DM Matt, I need an email address for you please.

Hawkeye


----------



## DM_Matt (Apr 7, 2007)

Hawkeye said:
			
		

> DM Matt, I need an email address for you please.
> 
> Hawkeye




Use dmmatt@usa.com.


----------



## DM_Matt (Apr 7, 2007)

kirinke said:
			
		

> "If you remember, I warned you of the Twice Damned inciting the Thayans into open conflict with the Rashemi and other nations against each other." Alethia smiled lopsidedly.  "If we can find and eliminate the main Twice Damned pawn here, I think we might be able to get the Thayans to retreat or at least rethink their grandios plans of conquering nearby territories." she said dryly.

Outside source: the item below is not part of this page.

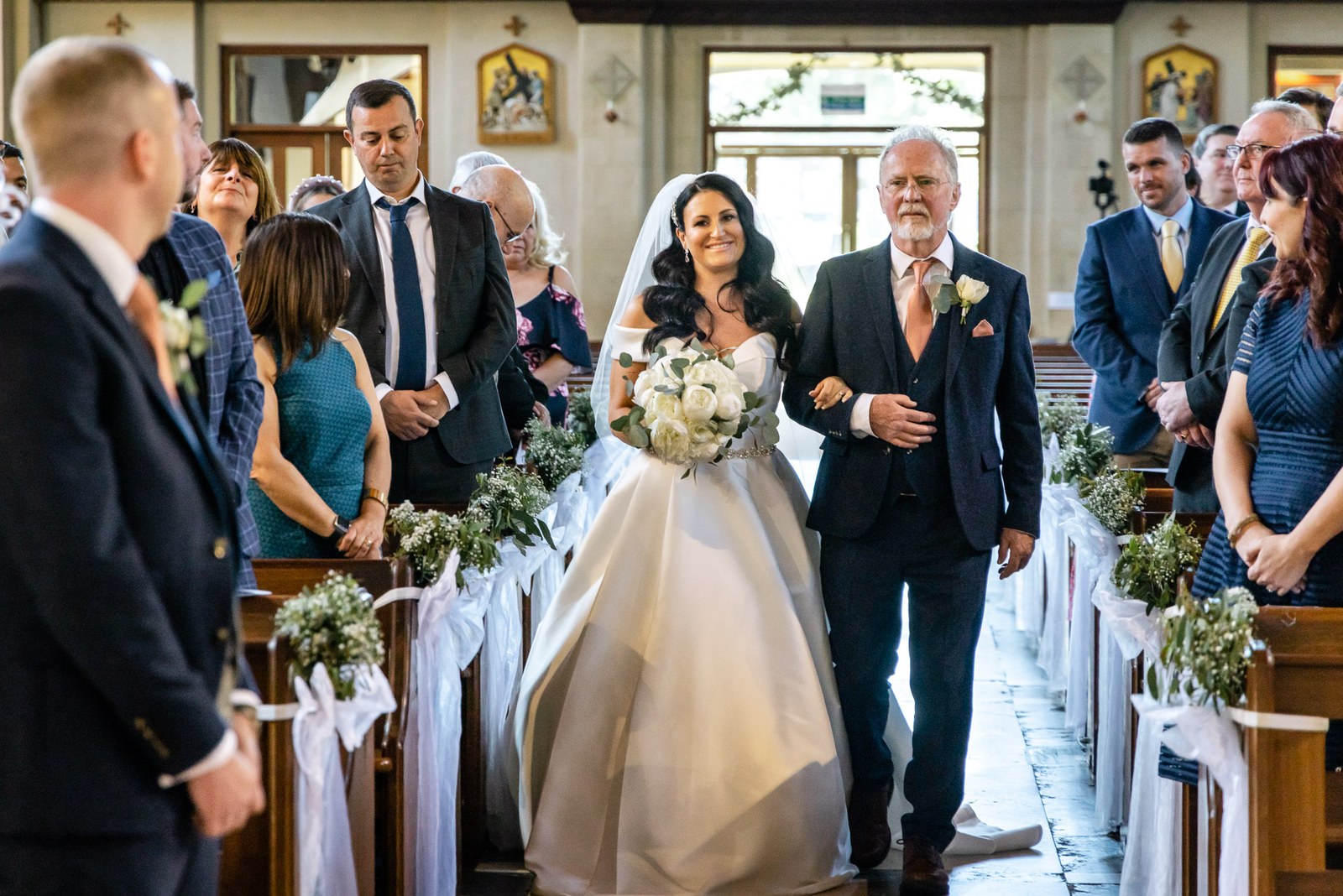 Bride walking down the aisle on her father's arm as guests stand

Kayla is slightly skeptical "I think you are missing something.  I do not believe that the Twice-Damned are mere purveyors of chaos.  In fact, considering their apparent preference to work through governments and militaries, I doubt that they are purveyors of chaos at all.  I suspect that they are more interested in evil.  Sure, they might have provoked a war between Cormyr and Sembia, but becuase both nations are generally good.  When working with the Thayans, though, I think they are playing to win.  The Thayans aren't doing anytihng they haven't wanted to do for years.  the only thing that stopped thme was the power of rasheman and their internal divisions.  In fact, I have some new information on that, come to think of it. The Thayans in he tunnels bore the symbol of the Fatherland Division, a unit constructed to work for the Zulkirs as a whole rather than for an individual Zulkir.  They are primarily for keeping order and establishing internal security, especailly at enclaves and border crossings.  The ability for the Zulkirs to field even a single unified division was considered by the Rashemi to be an ominous sign.  However, it gets worse.  The symbol refers to the FIFTH Fatherland Division.  It seems likely that the Thayans ave managed to reorganize their military into a form that transcends their internal divisions.  That could mean that somehow the Twice-Damned have somehow got the Thayans to put aside thier differences.  And if they have done that, I doubt that they plan on letting such a powerful tool be destroyed."


----------



## kirinke (Apr 7, 2007)

ooc:
Matt? I'd think that Alethia would register as overwhelming good, with an equal amount of law and chaos. That demonic taint would probably be nearly gone by now, considering that she's so close to sainthood and the demon is probably very close to being fully redeemed.

IC:
"I never said that they were overly concerned with law or chaos. It's clear that they are concerned with gathering power for themselves and are using the governments to further their goals." Alethia smiled grimly. "And while they may not plan on letting that kind of valued tool be destroyed, we must find a way to do so." her eyes shimmered briefly, betraying the older, more experienced demonic warlord that lurked behind them. "But first, we need to identify the twice damned pawn who is in charge here. We know of Kurin and that fell eladrin in Waterdeep as well as the Cronos pawn we recently defeated and there is no reason not to assume that there is not another such here."


----------



## frostrune (Apr 7, 2007)

DM_Matt said:
			
		

> Kayla is slightly skeptical "I think you are missing something.  I do not believe that the Twice-Damned are mere purveyors of chaos.  In fact, considering their apparent preference to work through governments and militaries, I doubt that they are purveyors of chaos at all.  I suspect that they are more interested in evil.  Sure, they might have provoked a war between Cormyr and Sembia, but becuase both nations are generally good.  When working with the Thayans, though, I think they are playing to win.  The Thayans aren't doing anytihng they haven't wanted to do for years.  the only thing that stopped thme was the power of rasheman and their internal divisions.  In fact, I have some new information on that, come to think of it. The Thayans in he tunnels bore the symbol of the Fatherland Division, a unit constructed to work for the Zulkirs as a whole rather than for an individual Zulkir.  They are primarily for keeping order and establishing internal security, especailly at enclaves and border crossings.  The ability for the Zulkirs to field even a single unified division was considered by the Rashemi to be an ominous sign.  However, it gets worse.  The symbol refers to the FIFTH Fatherland Division.  It seems likely that the Thayans ave managed to reorganize their military into a form that transcends their internal divisions.  That could mean that somehow the Twice-Damned have somehow got the Thayans to put aside thier differences.  And if they have done that, I doubt that they plan on letting such a powerful tool be destroyed."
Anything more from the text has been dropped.